**RECORDS PROVIDED**.
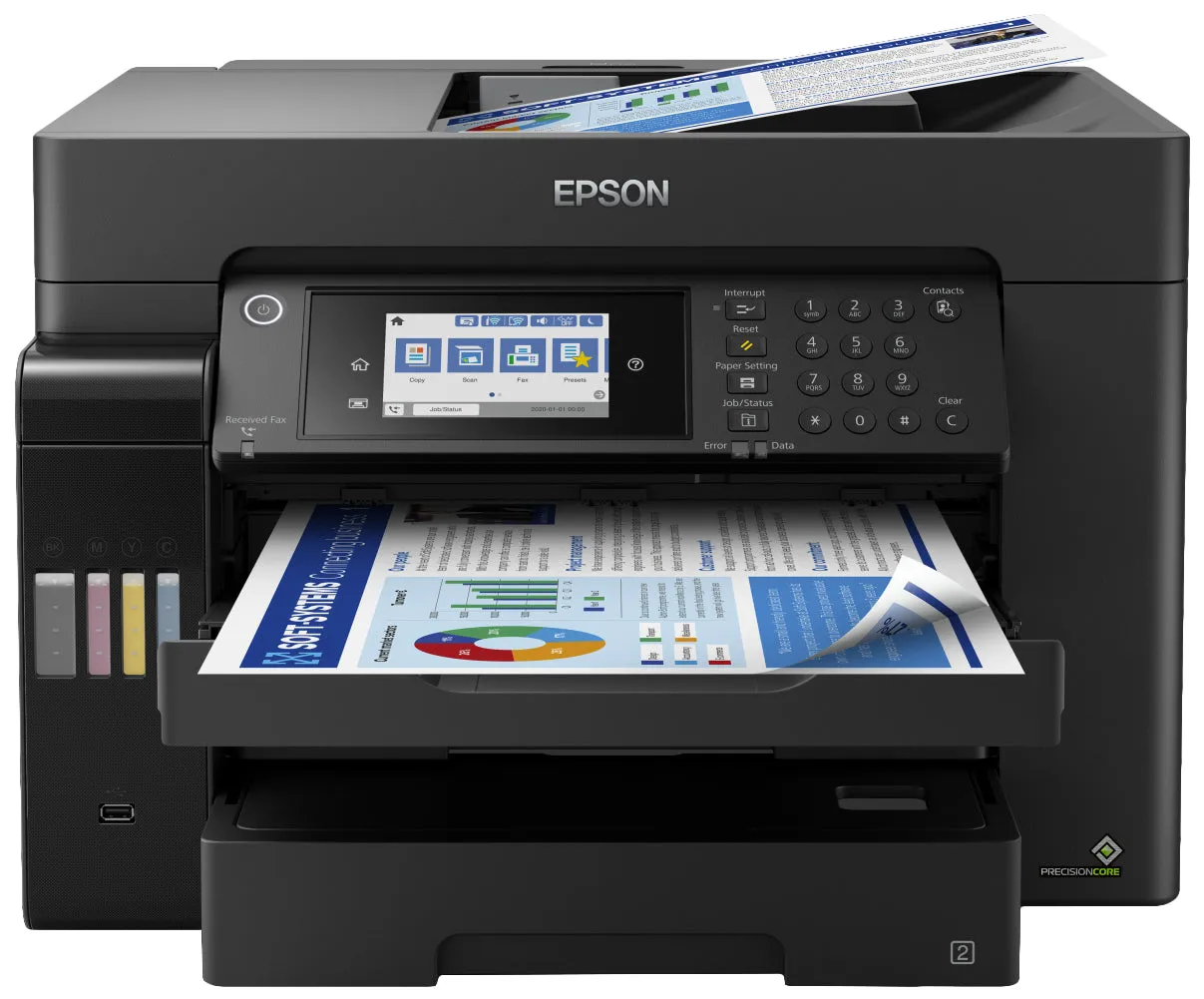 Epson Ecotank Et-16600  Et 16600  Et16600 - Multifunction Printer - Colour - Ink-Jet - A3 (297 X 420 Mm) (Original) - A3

* * *

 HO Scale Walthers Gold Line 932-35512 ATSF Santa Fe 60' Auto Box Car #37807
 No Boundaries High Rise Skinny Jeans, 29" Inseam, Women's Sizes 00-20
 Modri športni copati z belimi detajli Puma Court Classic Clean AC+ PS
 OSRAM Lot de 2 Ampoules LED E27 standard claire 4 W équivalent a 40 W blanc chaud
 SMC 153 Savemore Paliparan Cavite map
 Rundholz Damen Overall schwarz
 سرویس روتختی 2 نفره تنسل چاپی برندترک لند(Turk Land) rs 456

**WORK REQUEST**. Take from the material above the lines running from the one with "Modri športni copati" through the one with "Rundholz Damen Overall schwarz", and repeat them exactly, with nothing else.

**RESULT**.
 Modri športni copati z belimi detajli Puma Court Classic Clean AC+ PS
 OSRAM Lot de 2 Ampoules LED E27 standard claire 4 W équivalent a 40 W blanc chaud
 SMC 153 Savemore Paliparan Cavite map
 Rundholz Damen Overall schwarz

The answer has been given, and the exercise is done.